Friday, January 17, 2020: 3:45 PM-5:15 PM
Supreme Court, ML 4 (Marriott Marquis Washington DC)
Cluster: Research on Social Work Education (RSWE)
Diana Melendez, MSW, The Graduate Center, City University of New York,
Tiffany Younger, The Graduate Center, City University of New York,
Gleneara Bates, MSW, The Graduate Center, City University of New York,
Ryan Camire, LCSW, The Graduate Center, City University of New York and
Camron Rasmussen, The Graduate Center, City University of New York
Social work education remains tasked with preparing the next generation of agents of social change through the attainment of skills and knowledge that address our biggest social problems through classroom and field practice experiences. In an increasingly austere and neoliberal socio-political environment, social work programs are part of a national trend in which adjunctification and the push for online learning challenge social work educators to find effective, engaging and meaningful ways to engage students. Simultaneously, students demand that their learning process and content is grounded in the values of the profession of equity and justice across race, class, gender identity, sexual orientation and other dimensions of identity. Often caught in the middle of these two dynamics are doctorate students who are part of the growing labor force being deployed by higher education to meet the demands of increasing enrollment numbers while managing funding constraints. In efforts to address their own legacy of racial and economic inequalities, programs have looked to make access to higher education more equitable, however, once enrolled there is little support for doctoral students who themselves must navigate often inhospitable structural environments. Doctorate students find themselves in a unique role of being able to identify as students as well as educators and therefore this overlapping space in a professional's academic development presents opportunities for key questions about social work higher education to be explored.

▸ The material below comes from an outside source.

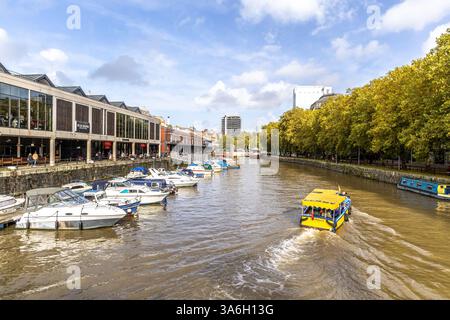 Bristol, Royaume-Uni - 28 octobre 2023 : Harbourside pris à Bristol Watershed avec des bateaux et des yachts. Banque D'Images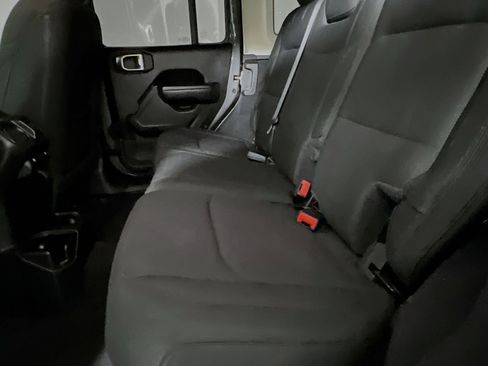 Used 2019 Jeep Wrangler Unlimited Sport S AWD/4WD image 30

This workshop will be centered at the intersection of the experience of doctorate students who, like many across the nation, have been placed in the role of educator. Speakers will present multiple perspectives, including challenges and opportunities of teaching while learning how to teach, as well as share specific examples of pedagogical and resources which participants can use.
Some of the questions that will be addressed through critical dialogue and interactive engagement (pairs and small group discussions) will be: What are ways women of color, and members of other historically marginalized groups, can engage in critical pedagogical methods which disrupt the traditional banking model of education and integrate social justice practices without compromising their legitimacy as scholars? What is the role of White educators? What are ways that social work educators tasked with online courses, critically engage with interactive digital technology in ways that foster community and continue to account for questions of access based on racial and economic inequalities? How can social work programs integrate concepts from other fields like Education, Digital Humanities, such as universal design and scaffolding, to better prepare doctorate students in their work as educators?